Japan has posted its longest economic expansion in more than a decade, government data showed yesterday, marking a win for Tokyo’s growth bid even though its battle to conquer deflation is still far from won.
The world’s No. 3 economy grew 0.5 percent in the first quarter — or an annualized 2.2 percent. That was the fifth straight rise and up from a 0.3 percent expansion in the final quarter of last year.
Japan’s prospects have been improving on the back of strong exports, with investments linked to the Tokyo 2020 Olympics also giving the economy a shot in the arm.
The labor market is tight and business confidence is strong with firms investing more.
However, consumer spending remains tepid and efforts to lift inflation have fallen flat, despite years of aggressive monetary easing by the Japanese central bank.
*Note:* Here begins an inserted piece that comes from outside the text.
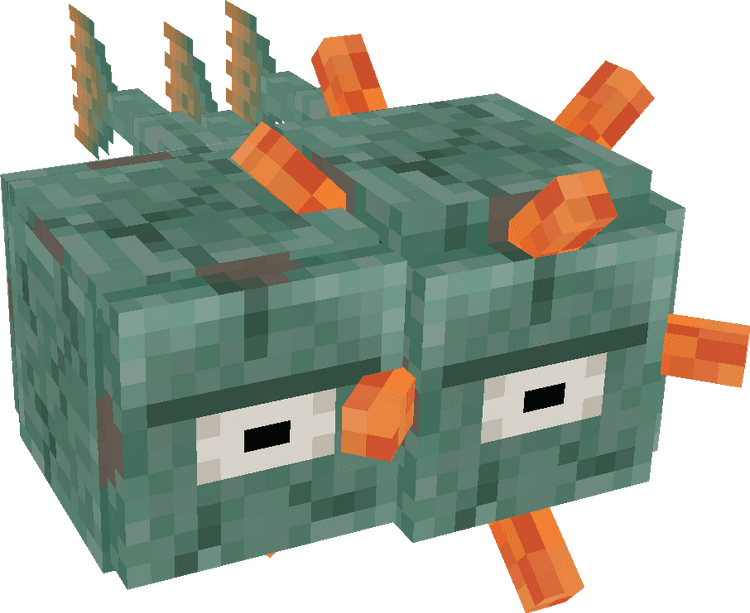 Minecraft Addons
Private consumption picked up a modest 0.4 percent in the first quarter from zero growth in the previous three months. Individual spending accounts for more than a half of Japan’s GDP.
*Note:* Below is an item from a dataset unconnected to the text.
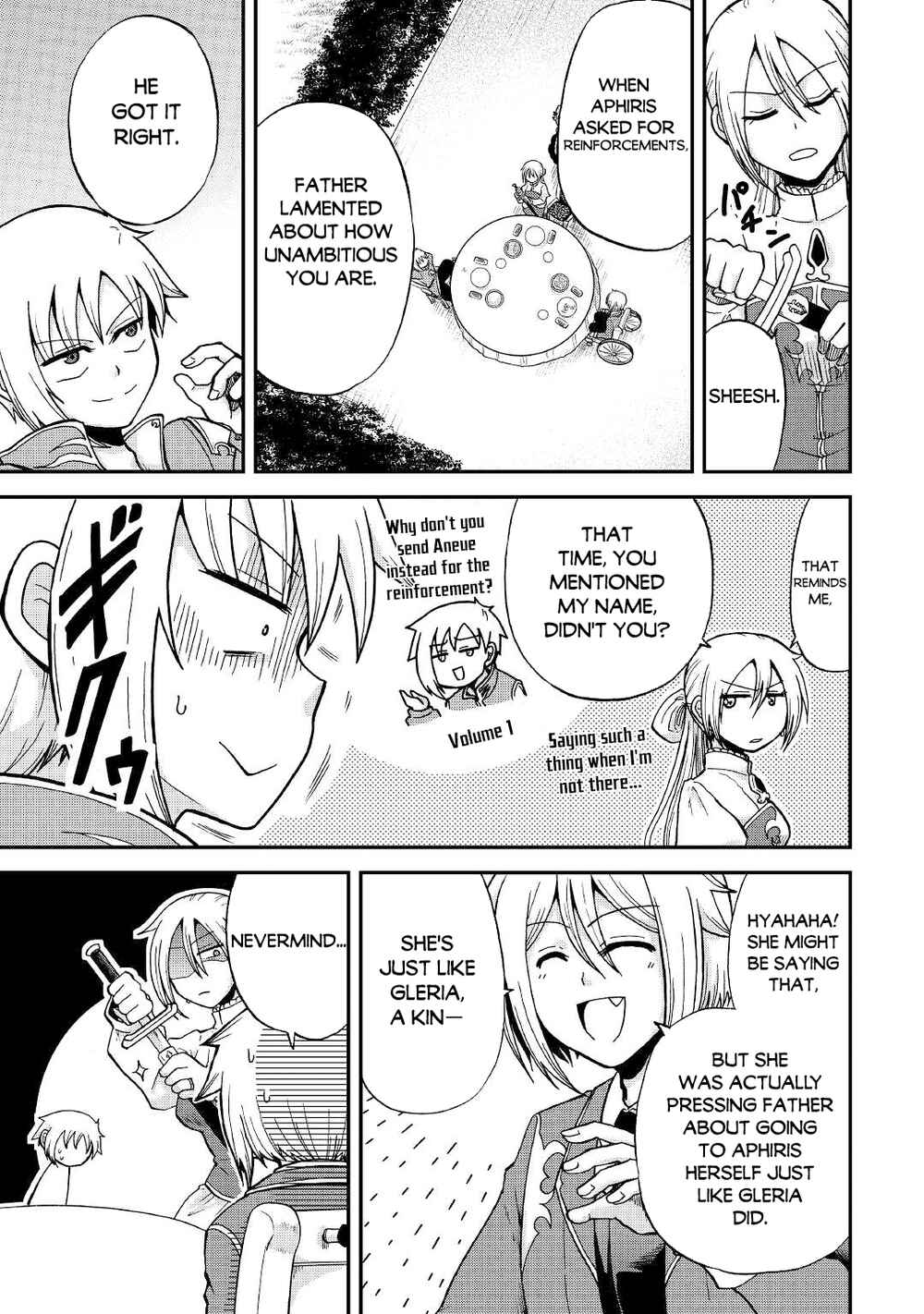 Chapter 28 - Page 2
“I can’t give the ‘all clear’ yet,” Tokyo-based Norinchukin Research Institute chief economist Takeshi Minami said.
“Public works spending is helping prop up growth this year, but it’s tough to imagine that private spending is going to be a driving force for the economy,” Minami said.
Nonetheless, the latest reading nonetheless means the Japanese economy has had its longest string of gains since 2006.
The Bank of Japan and the IMF both recently lifted their projections for the nation’s growth rate.
Cash-rich firms have been stingy with pay hikes though, which hurts spending and acts like an anchor on the economy.
“Wages are still stagnating, despite sharp falls in unemployment,” Capital Economics said in a commentary.
“This seems to be because aggressive monetary easing has failed to lift expectations of future price rises among households and firms,” it said.
“Unless this changes, the chances of inflation settling at two percent or higher are slim,” it added.
The Bank of Japan, aiming to achieve 2 percent inflation as a key part of Tokyo’s growth bid, now expects to reach that goal by 2019 — four years later than planned.
Despite healthy profits, many Japanese firms remain cautious about the world economy, partly due to worries that US President Donald Trump’s protectionist leanings could hurt exports.